I was able to find this content https://answers.splunk.com/answers/62413/how-to-extract-most-popular-words-from-the-source-data.html?sort=newest in the community, but it reaches as far as listing the words and counting them, but the problem still recides on counting words like "the, work, call" that I do not need, so I started to do it manually basically right clicking and selecting "Exclude from search". This basically resolves in some part, but we are talking about 9000 words, it will take for ever. I then did another approach and use the "*" so that a word and a set of wordlike words are also exluded, but it is not going down as I would imagine.
My idea to resolve this, is:
Use the Search Filter in the content posted in this article.

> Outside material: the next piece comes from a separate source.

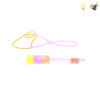 Bamboo dragonfly Electric Lights Plastic【English Packaging】_P01714560_5_m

Create a Table, List, load an additional CSV file with this words I dont want (What ever is best) in Splunk.
Do a type of operation ((SearchFilter) - (Table OR List OR File) = (Result)) ( (A, B, C) - (C) = (A, B))
My question is, How can I create a table, file or use a loaded CSV file to remove the words I dont want from the result it shows the filter in the article?
Search query in article:
source=mybook | sort -_time | rex mode=sed "s/(.|,|;|=|\"|'|(|)|[|]| -|!|^-)/ /g" | eval word=_raw | makemv delim=" " word | mvexpand word | eval word=lower(word) | eval position=1 | streamstats sum(position) AS position | table position word | stats count min(position) max(position) by word
Best regards and I hope there is an answer to this question.